- “17.7 million American women have been the victim of attempted or completed rape in her lifetime.” ~ RAINN
- Women in Iran are protesting after eight women have had acid poured on them by men who did not see their wardrobe fit. ~ Washington Post
- White American women make on average 77 cents to every dollar a man makes. African American women make 66 cents on average, and Latino American women make 55 cents to every dollar a man makes.
I am perfectly happy in making the assumption that these three examples are enough to get anyone riled up. However, I am biased. As a student of women’s and gender studies, I have developed a strong passion for feminism. To me, it seems like common sense that women should receive the same pay for the same work and that women shouldn’t have to worry about walking to their cars at night. So, I did what any self-respecting millennial would do and I asked the good people of Facebook.
What’s the Deal With Feminism?
Posting my inquiry about feminism garnered a myriad of responses. One feminist-identified woman stated that she felt ostracized by other non-feminists because many didn’t want to be associated with women who don’t shave or wear bras. In my humble opinion, these are merely stereotypes. Are there some feminists who don’t shave various parts of their bodies? Of course. Are there men who don’t shave? Yes. So I ask you…what’s the difference? Why are we so willing to accept one and not the other?
My friend Steve was the only male who responded to my post, and he made some astounding points. He spoke about feeling attacked whenever the subject came up. While men are the subjects of the conversation, they are not part of the conversation. While I disagree with this position, I realize it’s because we live in an individualistic society.

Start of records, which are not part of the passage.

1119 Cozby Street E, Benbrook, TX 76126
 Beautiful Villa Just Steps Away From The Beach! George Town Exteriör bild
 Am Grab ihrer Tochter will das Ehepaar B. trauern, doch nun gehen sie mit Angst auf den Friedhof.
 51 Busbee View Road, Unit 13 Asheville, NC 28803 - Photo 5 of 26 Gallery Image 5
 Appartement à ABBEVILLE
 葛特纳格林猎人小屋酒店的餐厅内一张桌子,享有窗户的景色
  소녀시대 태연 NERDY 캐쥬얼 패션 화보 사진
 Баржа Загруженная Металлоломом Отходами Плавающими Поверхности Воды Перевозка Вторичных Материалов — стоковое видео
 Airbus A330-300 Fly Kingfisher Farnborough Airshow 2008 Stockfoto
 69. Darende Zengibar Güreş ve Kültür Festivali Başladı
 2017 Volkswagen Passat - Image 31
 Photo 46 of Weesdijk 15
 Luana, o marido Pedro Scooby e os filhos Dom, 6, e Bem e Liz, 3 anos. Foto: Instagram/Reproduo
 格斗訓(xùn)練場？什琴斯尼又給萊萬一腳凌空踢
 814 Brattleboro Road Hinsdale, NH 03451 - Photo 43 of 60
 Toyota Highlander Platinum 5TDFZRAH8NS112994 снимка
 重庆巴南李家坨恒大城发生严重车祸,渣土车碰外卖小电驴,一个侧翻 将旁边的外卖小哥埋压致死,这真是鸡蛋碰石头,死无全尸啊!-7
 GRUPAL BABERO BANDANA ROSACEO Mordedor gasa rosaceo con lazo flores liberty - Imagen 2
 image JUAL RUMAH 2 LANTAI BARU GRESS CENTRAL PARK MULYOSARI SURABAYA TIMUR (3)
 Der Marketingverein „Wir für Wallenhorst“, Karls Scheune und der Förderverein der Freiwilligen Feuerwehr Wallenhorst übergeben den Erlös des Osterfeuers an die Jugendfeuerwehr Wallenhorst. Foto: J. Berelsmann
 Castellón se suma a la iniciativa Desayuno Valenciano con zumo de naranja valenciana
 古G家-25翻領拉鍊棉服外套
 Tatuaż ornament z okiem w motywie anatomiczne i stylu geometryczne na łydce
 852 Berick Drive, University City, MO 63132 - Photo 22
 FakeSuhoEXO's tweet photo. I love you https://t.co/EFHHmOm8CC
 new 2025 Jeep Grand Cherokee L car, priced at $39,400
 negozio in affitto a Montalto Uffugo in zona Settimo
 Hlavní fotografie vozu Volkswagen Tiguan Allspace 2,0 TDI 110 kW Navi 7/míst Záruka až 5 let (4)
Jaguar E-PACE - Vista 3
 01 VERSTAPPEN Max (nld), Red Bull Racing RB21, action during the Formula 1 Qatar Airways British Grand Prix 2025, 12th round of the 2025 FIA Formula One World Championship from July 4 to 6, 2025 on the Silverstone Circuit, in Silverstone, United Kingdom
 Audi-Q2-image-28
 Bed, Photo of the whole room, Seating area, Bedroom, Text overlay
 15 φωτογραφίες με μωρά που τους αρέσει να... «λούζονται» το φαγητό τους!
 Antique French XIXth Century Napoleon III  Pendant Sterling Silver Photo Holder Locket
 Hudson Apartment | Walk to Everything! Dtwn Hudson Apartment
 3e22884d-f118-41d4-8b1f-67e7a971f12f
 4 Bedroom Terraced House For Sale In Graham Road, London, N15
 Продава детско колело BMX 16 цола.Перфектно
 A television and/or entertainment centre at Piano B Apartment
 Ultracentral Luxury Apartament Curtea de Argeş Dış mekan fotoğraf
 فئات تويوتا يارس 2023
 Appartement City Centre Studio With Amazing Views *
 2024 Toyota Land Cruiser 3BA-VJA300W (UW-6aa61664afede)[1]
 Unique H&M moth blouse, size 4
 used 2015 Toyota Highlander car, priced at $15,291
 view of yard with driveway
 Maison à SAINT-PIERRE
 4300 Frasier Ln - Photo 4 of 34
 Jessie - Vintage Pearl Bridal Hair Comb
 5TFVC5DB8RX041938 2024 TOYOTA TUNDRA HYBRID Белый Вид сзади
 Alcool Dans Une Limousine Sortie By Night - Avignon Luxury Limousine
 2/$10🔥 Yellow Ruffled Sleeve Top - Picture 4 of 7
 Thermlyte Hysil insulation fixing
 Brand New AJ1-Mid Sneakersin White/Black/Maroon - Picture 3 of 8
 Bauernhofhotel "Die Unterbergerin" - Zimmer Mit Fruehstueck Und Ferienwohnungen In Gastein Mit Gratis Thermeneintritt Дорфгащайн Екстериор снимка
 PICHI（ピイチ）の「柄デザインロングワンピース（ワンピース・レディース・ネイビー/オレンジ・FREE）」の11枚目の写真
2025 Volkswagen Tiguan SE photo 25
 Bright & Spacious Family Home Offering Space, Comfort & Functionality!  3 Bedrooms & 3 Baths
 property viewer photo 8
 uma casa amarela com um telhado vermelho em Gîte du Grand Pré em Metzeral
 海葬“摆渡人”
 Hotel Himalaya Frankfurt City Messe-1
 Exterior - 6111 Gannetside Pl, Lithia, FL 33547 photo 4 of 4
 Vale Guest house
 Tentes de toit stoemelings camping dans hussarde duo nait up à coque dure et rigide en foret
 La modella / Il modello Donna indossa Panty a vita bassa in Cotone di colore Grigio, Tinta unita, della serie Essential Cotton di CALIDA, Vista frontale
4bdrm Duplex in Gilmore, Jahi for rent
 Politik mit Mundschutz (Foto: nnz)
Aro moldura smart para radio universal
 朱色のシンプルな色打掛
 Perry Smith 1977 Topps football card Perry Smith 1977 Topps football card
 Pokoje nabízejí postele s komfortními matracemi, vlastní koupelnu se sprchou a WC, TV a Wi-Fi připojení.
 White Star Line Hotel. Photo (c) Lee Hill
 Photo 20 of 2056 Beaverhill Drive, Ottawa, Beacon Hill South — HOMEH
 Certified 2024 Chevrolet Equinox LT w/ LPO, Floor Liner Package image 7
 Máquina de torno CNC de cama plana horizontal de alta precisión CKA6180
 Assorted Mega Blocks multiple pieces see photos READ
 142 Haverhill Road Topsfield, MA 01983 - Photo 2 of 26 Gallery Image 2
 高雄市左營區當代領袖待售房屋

Feminism is not pointing at specific men and wagging a disapproving finger in their faces; it is a discourse aimed at dismantling the systems that inherently keep some down, while raising others up. This is no reason, though, to get angry with or attack men like Steve. We live in a society where we are taught to work and advocate for ourselves, climb the corporate ladder taking no prisoners. This, in my humble opinion, is perhaps where we have gone wrong. It is time to change our systems.
The Real Feminism
I am still developing my own thoughts about what feminism means in our world today. I am by no means an expert on the topic, though I do acknowledge that I have educated myself to a greater extent than the average American. I want feminism to be all-inclusive. There is beauty in being a woman, in being a man, and everything that lies outside of that binary. I think feminism requires an empathetic approach and a willingness to listen to all sides of an argument.
My feminism is one in which we all work together to dismantle these systems of oppression. I can understand why this would be scary to some, but I am not talking about militant feminism. I encourage a discourse that encourages and requires intelligent and empathetic communication to break down the barriers that holds each citizen from fulfilling their fullest potential.